Fri 13 Jul, 2012 11:10 am
Who’s Very Important?
By PAUL KRUGMAN
Published: July 12, 2012
Specifically, these are people who believe that they are, as another Romney donor put it, “the engine of the economy”; they should be cherished, and the taxes they pay, which are already at an 80-year low, should be cut even further. Unfortunately, said yet another donor, the “common person” — for example, the “nails ladies” — just doesn’t get it.
O.K., it’s easy to mock these people, but the joke’s really on us. For the “we are V.I.P.” crowd has fully captured the modern Republican Party, to such an extent that leading Republicans consider Mr. Romney’s apparent use of multimillion-dollar offshore accounts to dodge federal taxes not just acceptable but praiseworthy: “It’s really American to avoid paying taxes, legally,” declared Senator Lindsey Graham, Republican of South Carolina. And there is, of course, a good chance that Republicans will control both Congress and the White House next year.
If that happens, we’ll see a sharp turn toward economic policies based on the proposition that we need to be especially solicitous toward the superrich — I’m sorry, I mean the “job creators.” So it’s important to understand why that’s wrong.

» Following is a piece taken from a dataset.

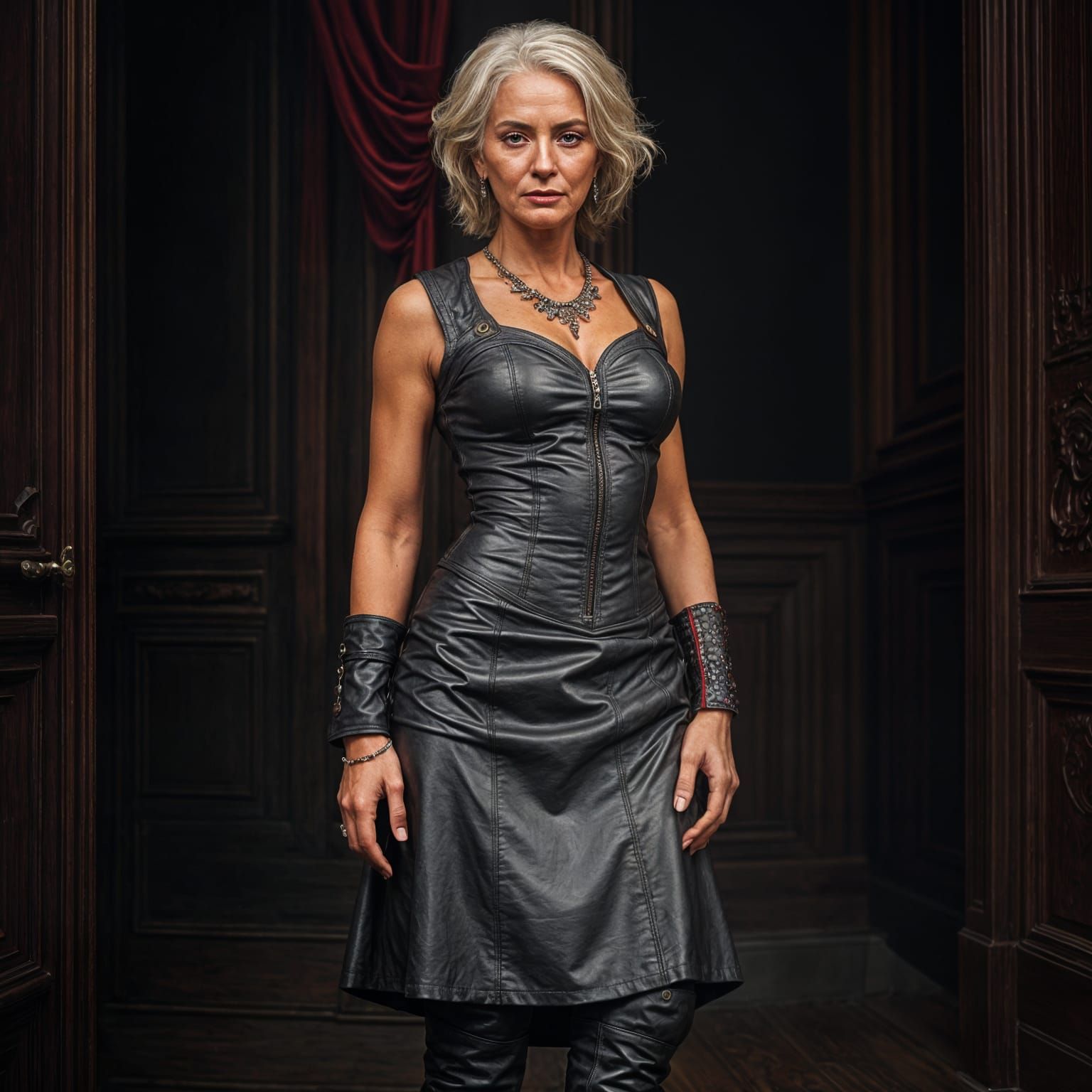 Hyperrealistic Older Woman Devil in Leather Dress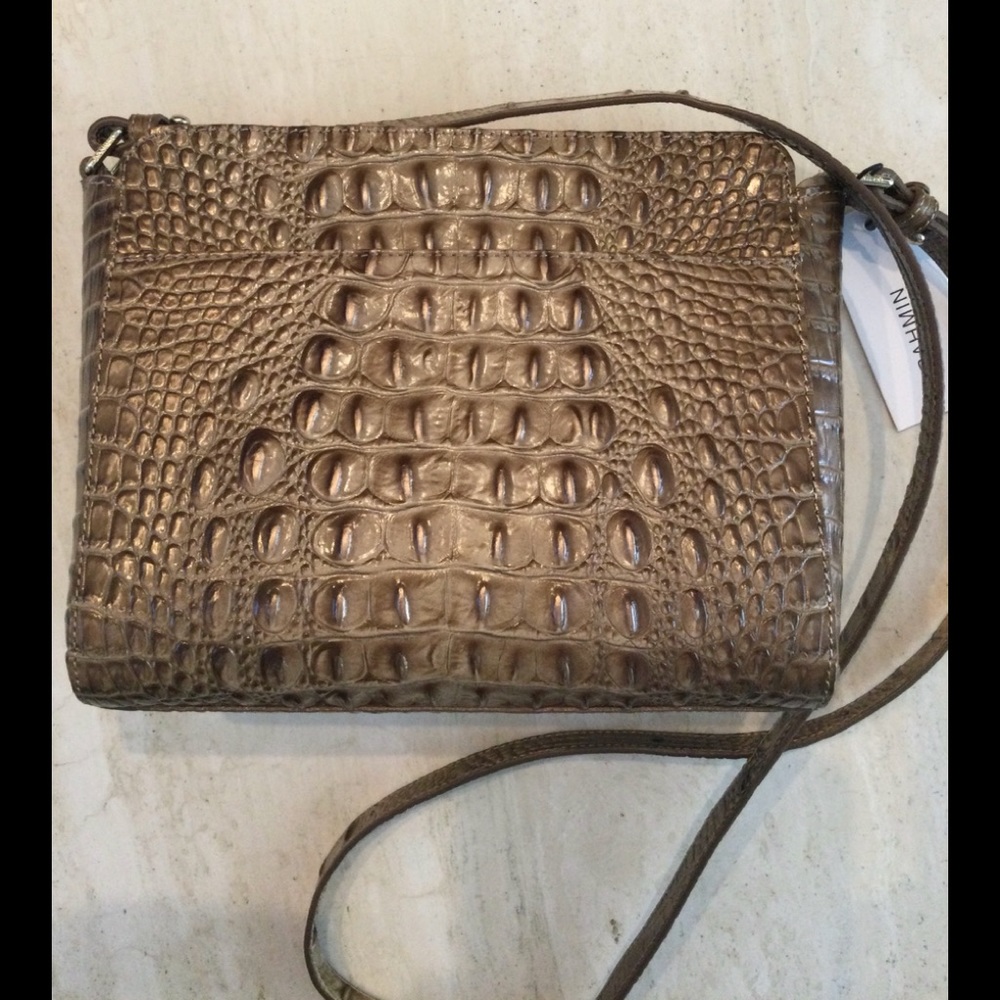 Brahmin Carrie Crossbody Croc Embossed Leather Bag - Picture 12 of 16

The first thing you need to know is that America wasn’t always like this. When John F. Kennedy was elected president, the top 0.01 percent was only about a quarter as rich compared with the typical family as it is now — and members of that class paid much higher taxes than they do today. Yet somehow we managed to have a dynamic, innovative economy that was the envy of the world. The superrich may imagine that their wealth makes the world go round, but history says otherwise.
To this historical observation we should add another note: quite a few of today’s superrich, Mr. Romney included, make or made their money in the financial sector, buying and selling assets rather than building businesses in the old-fashioned sense. Indeed, the soaring share of the wealthy in national income went hand in hand with the explosive growth of Wall Street.
Not long ago, we were told that all this wheeling and dealing was good for everyone, that it was making the economy both more efficient and more stable. Instead, it turned out that modern finance was laying the foundation for a severe economic crisis whose fallout continues to afflict millions of Americans, and that taxpayers had to bail out many of those supposedly brilliant bankers to prevent an even worse crisis. So at least some members of the top 0.01 percent are best viewed as job destroyers rather than job creators.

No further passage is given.